L’écriture est le reflet de la personnalité d’un individu ; avec l’âge, elle évolue et se personnalise. Cet ensemble de signes graphiques donnent des indications sur le profil psychologique d’une personne : son caractère, ses motivations, son implication, son comportement, son intelligence.
La graphologie, utilisée à des fins de recrutement, analyse les différentes formes d’intelligence (abstraite, concrète, pragmatique, technique, empirique, créative). Elle s’attache à identifier le mode de raisonnement d’un individu, sa logique, sa rigueur intellectuelle, son esprit d’analyse, sa faculté de synthèse, son imagination, son discernement et son sens critique. Elle permet également de révéler le dynamisme, la capacité de résistance au stress, la volonté, la persévérance, l’adaptabilité, l’esprit d’initiative, l’implication professionnelle du scripteur.

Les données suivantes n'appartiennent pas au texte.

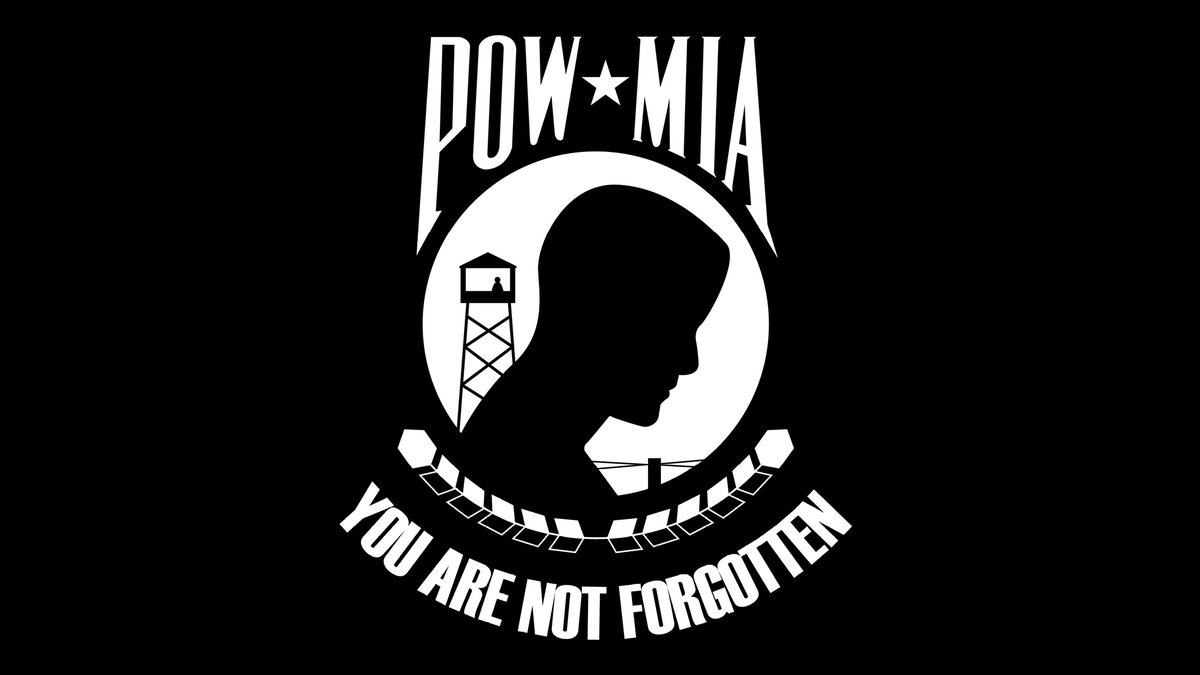 RobertJDoleVAMC's tweet photo. POW/MIA Recognition Day is observed today, the 3rd Friday of Sep. It is a day set aside to recommit to full accountability of those still missing. As you see POW/MIA flags today, pause to honor those who were held captive and returned, and the memory of those who remain missing. https://t.co/pASxdvcOtv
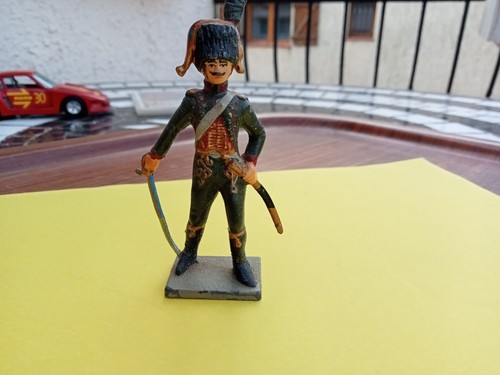 Figurine 1er empire chasseur - figurine,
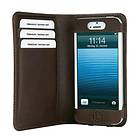 Bugatti Fashion Smart BookCase for iPhone 5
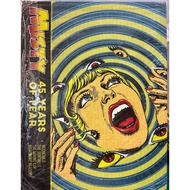 Misty 45 Years of Fear HC 1 Rebellion/2000 AD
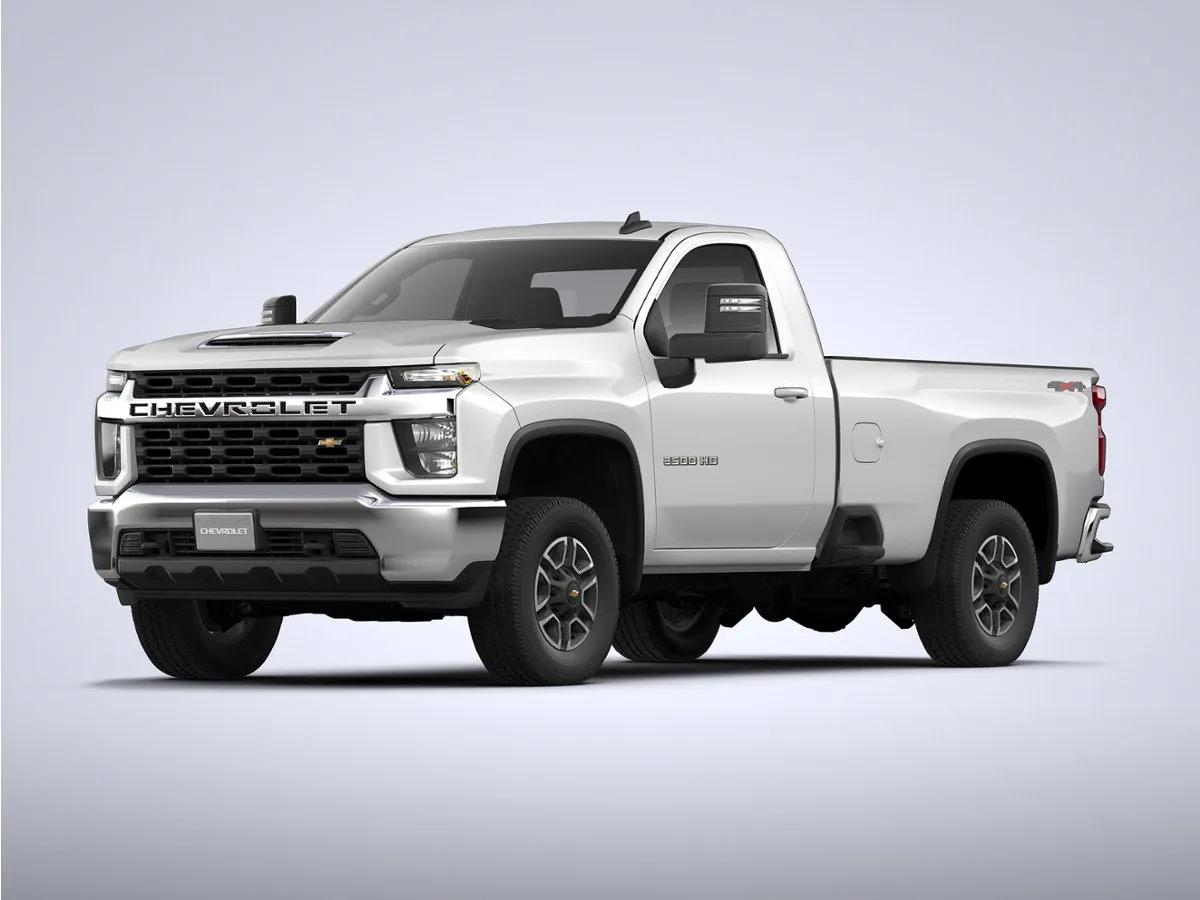 2020 Chevrolet Silverado 3500HD LT for sale in Baxley, GA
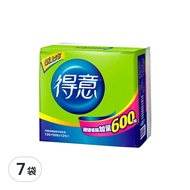 得意 超值抽取式衛生紙  150張  12包  7袋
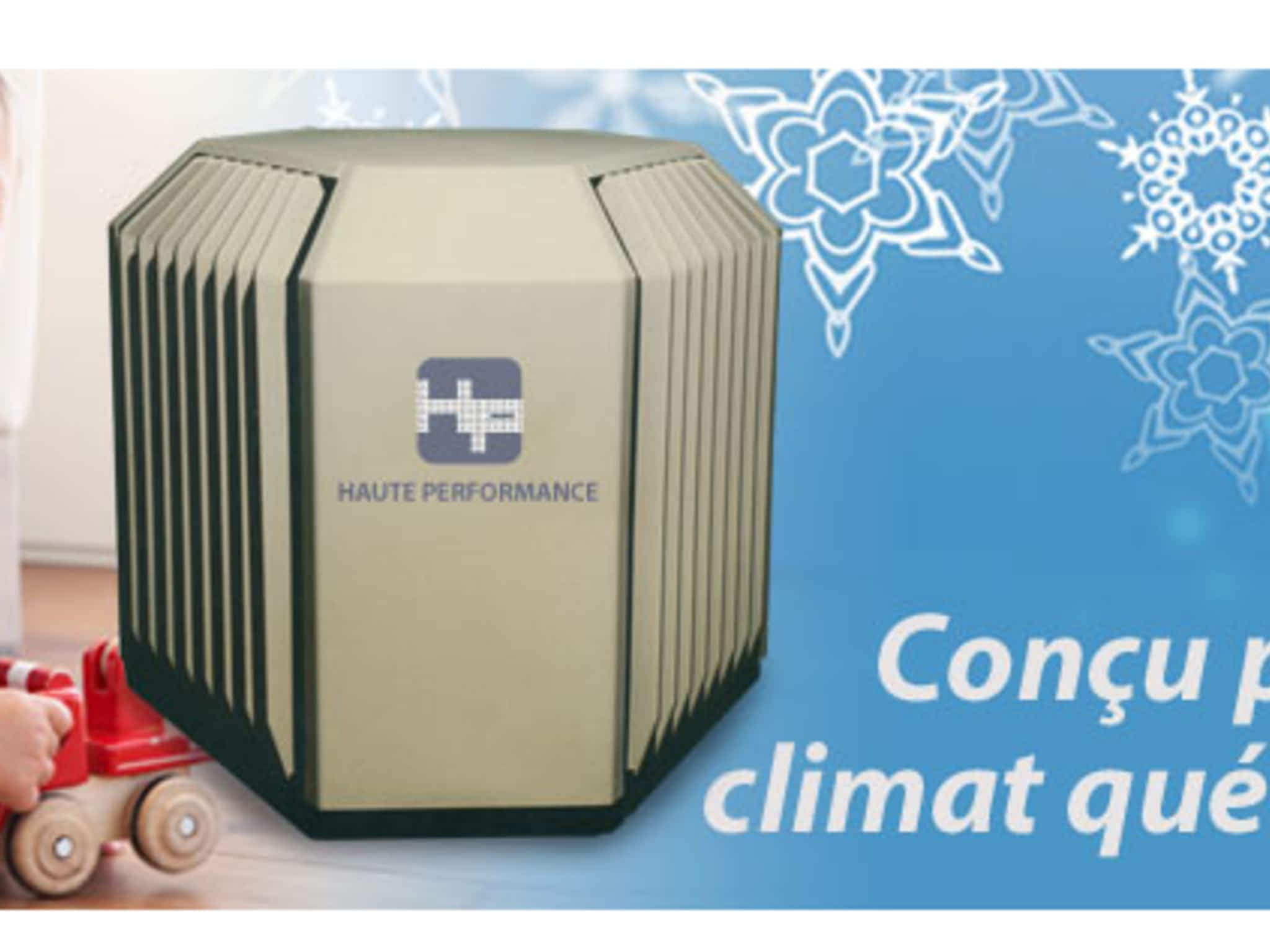 photo HP Climatisation et Chauffage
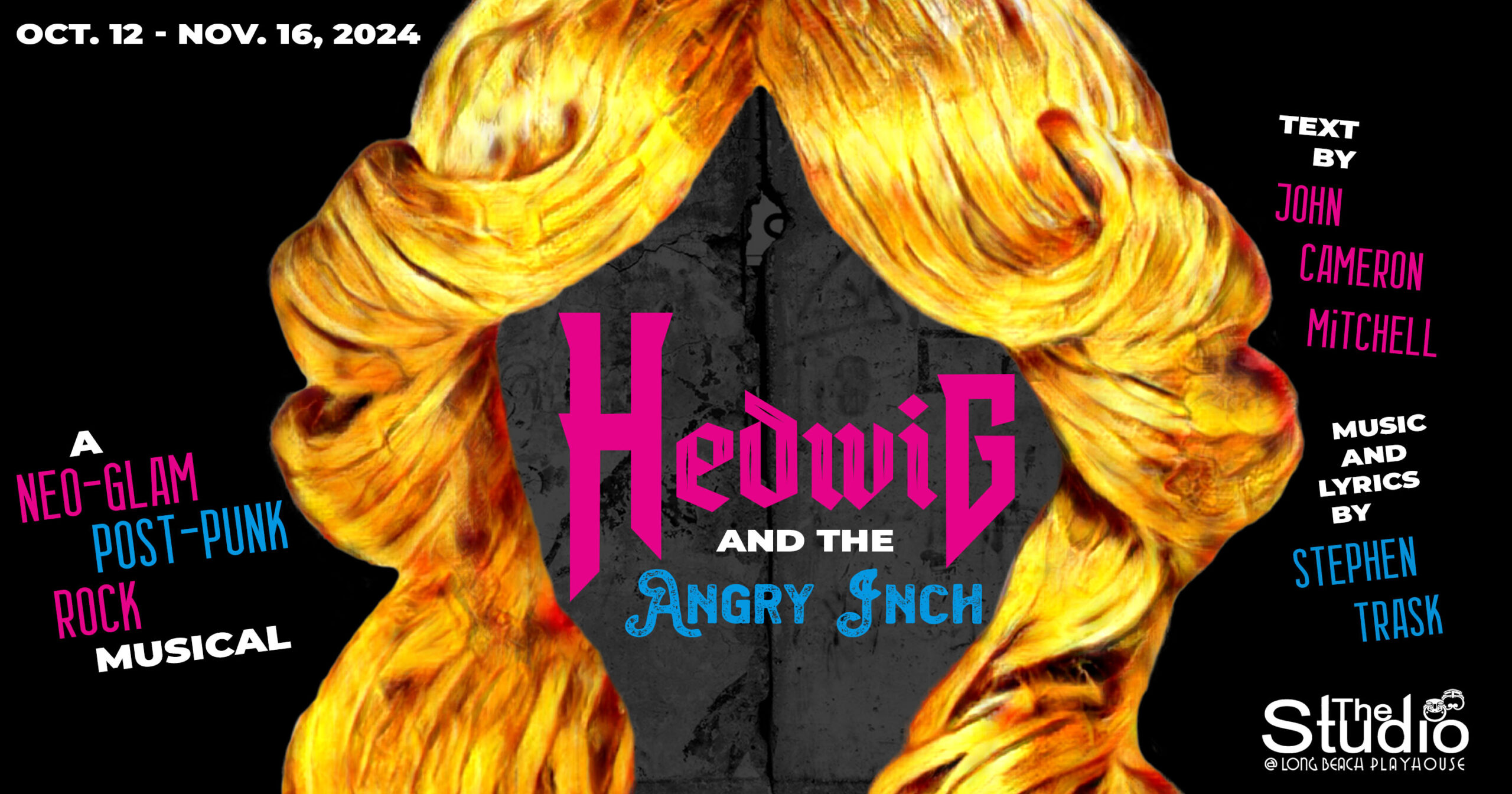HEDWIG AND THE ANGRY INCH - Long Beach Playhouse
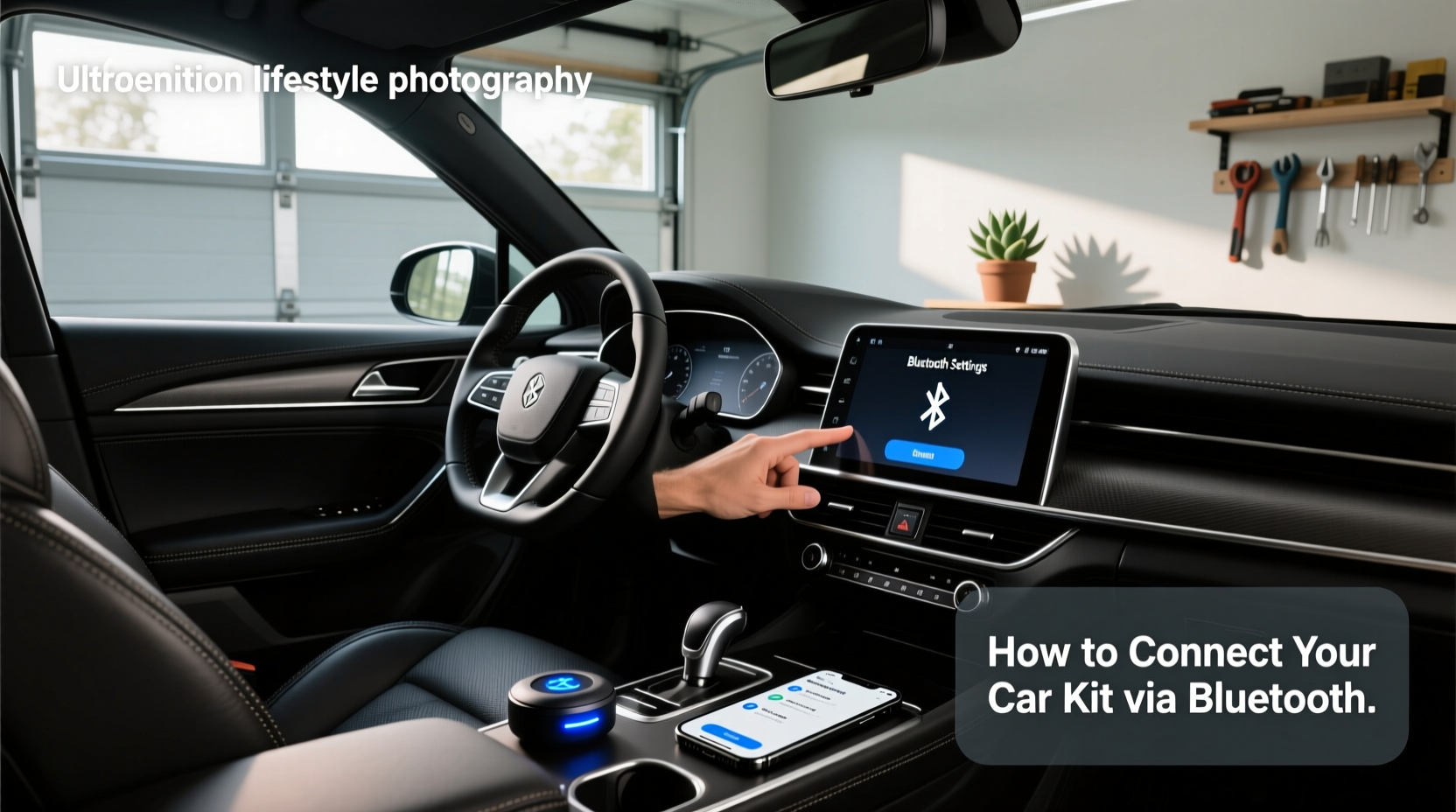 Car Kit Bluetooth How to Connect: Step-by-Step Guide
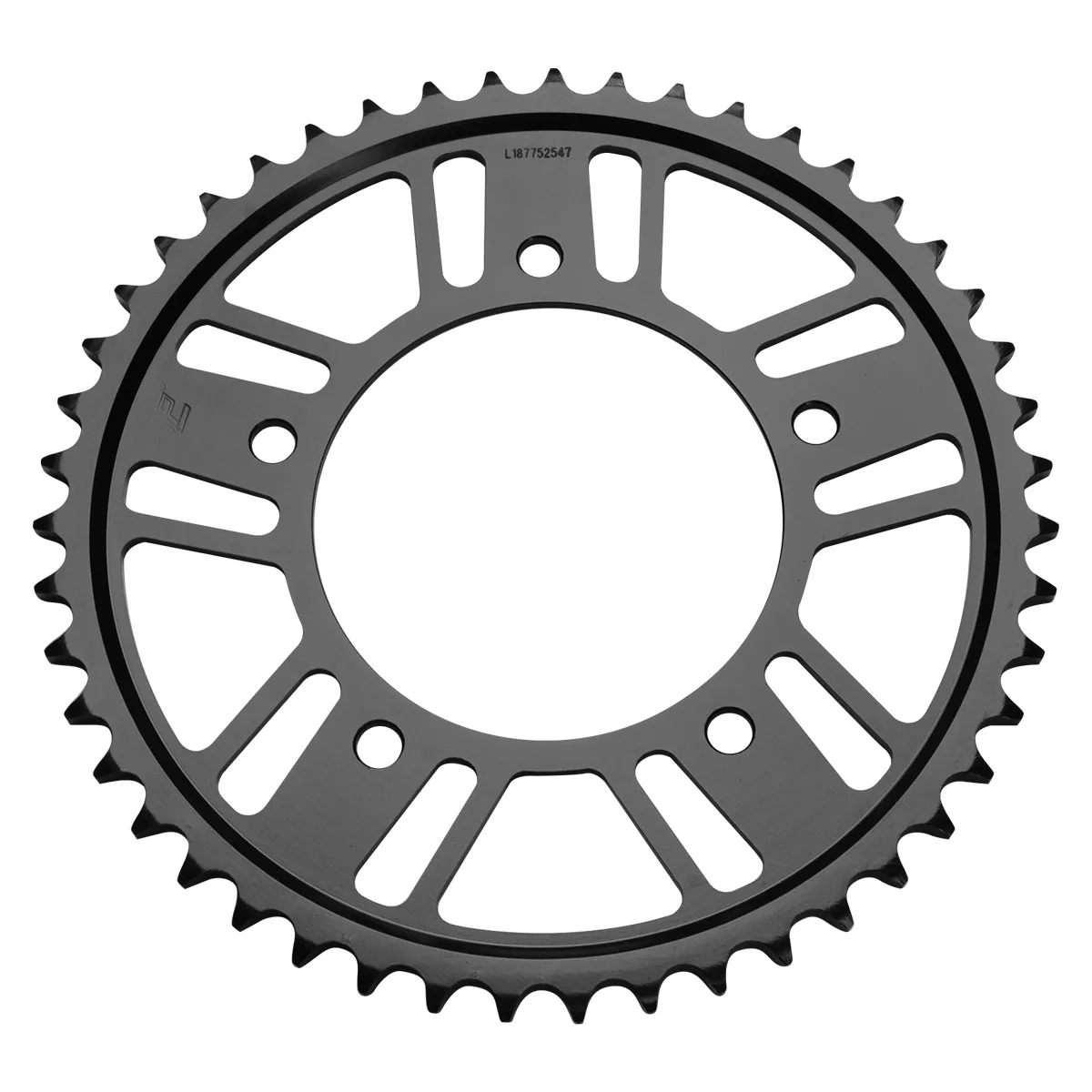 

525 Chain Motorcycle Rear Sprocket for Yamaha YZF R1 YZFR1 15-21 YZF1000 YZF1000D 22-24 XSR900 MTM890D 2024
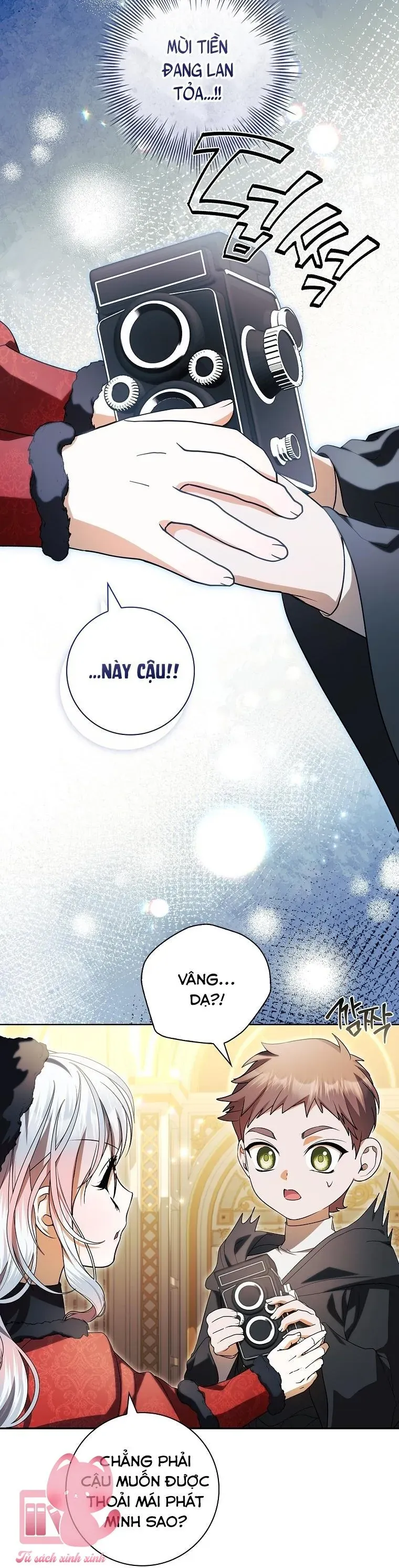 Nhận Nuôi Người Cha Phản Diện Chap 92 - Next Chap 91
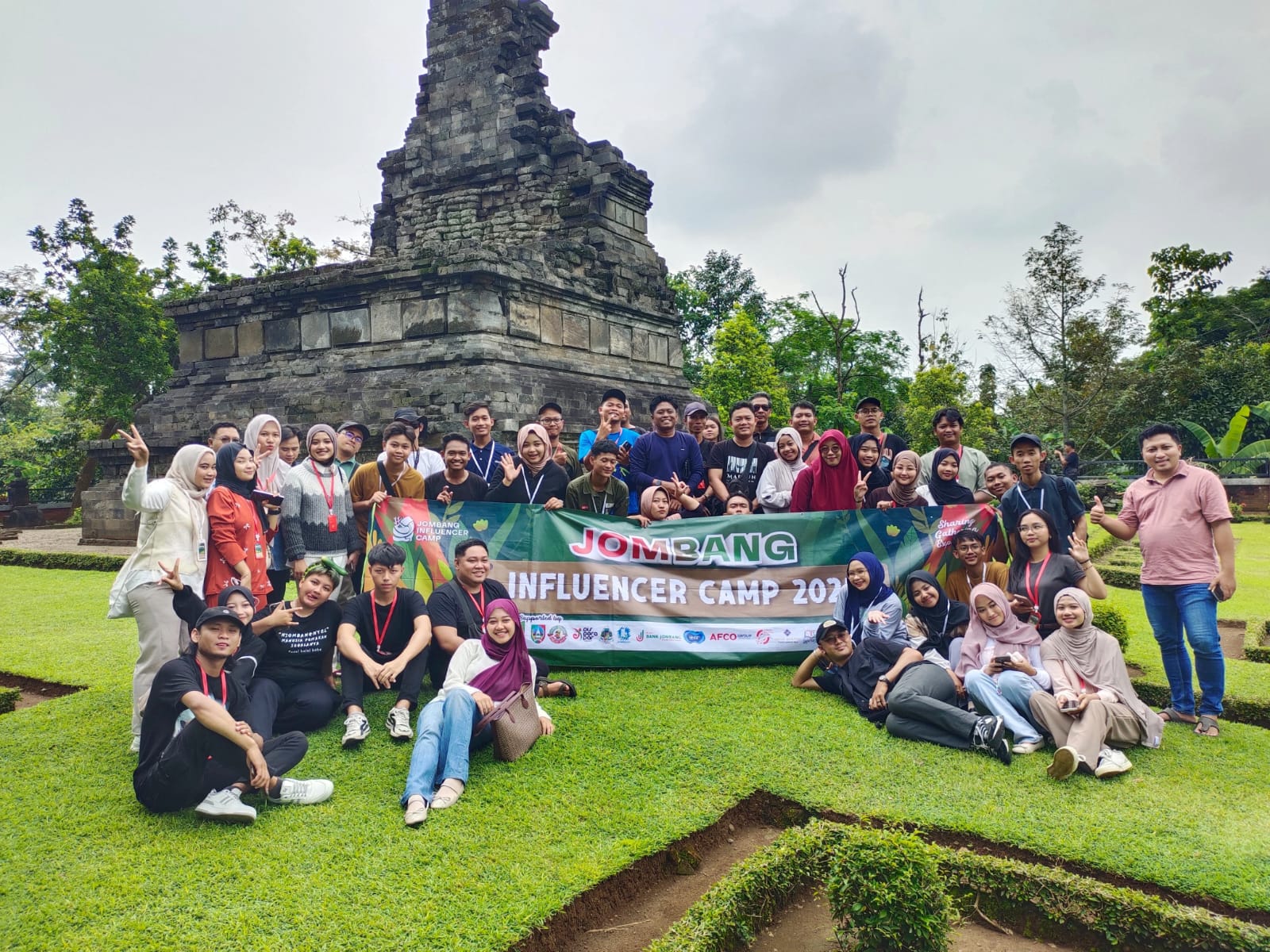 Puluhan Influencer se-Jatim Kenalkan Pesona Kota Santri ke Medsos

Ainsi, un recruteur pourra chercher à recueillir des informations sur les formes d’autorité que le candidat utilise pour encadrer une équipe. Les graphologues affirment en effet pouvoir découvrir les qualités d’un individu, son charisme, son envergure, sa forme de management et d’autorité (dirigiste, participative ou d’équité) pour manager un groupe.
L’écriture reflétant le caractère d’une personne, le scripteur a-t-il un contact facile avec les autres ? Quel est son degré de sociabilité ? Est-il autonome dans ses décisions ? Est-il organisé ? A-t-il l’esprit d’équipe ? S’adaptera-t-il facilement au groupe ? Mais attention, prévient Florence Despras, directrice du cabinet AREK, « la graphologie n’est pas une forme de psychanalyse. Elle ne permet pas de remonter à l’origine de la construction de la personnalité pour identifier par exemple les causes de dysfonctionnements. Elle s’intéresse à la personnalité telle qu’elle apparaît à un moment donné pour un poste défini ».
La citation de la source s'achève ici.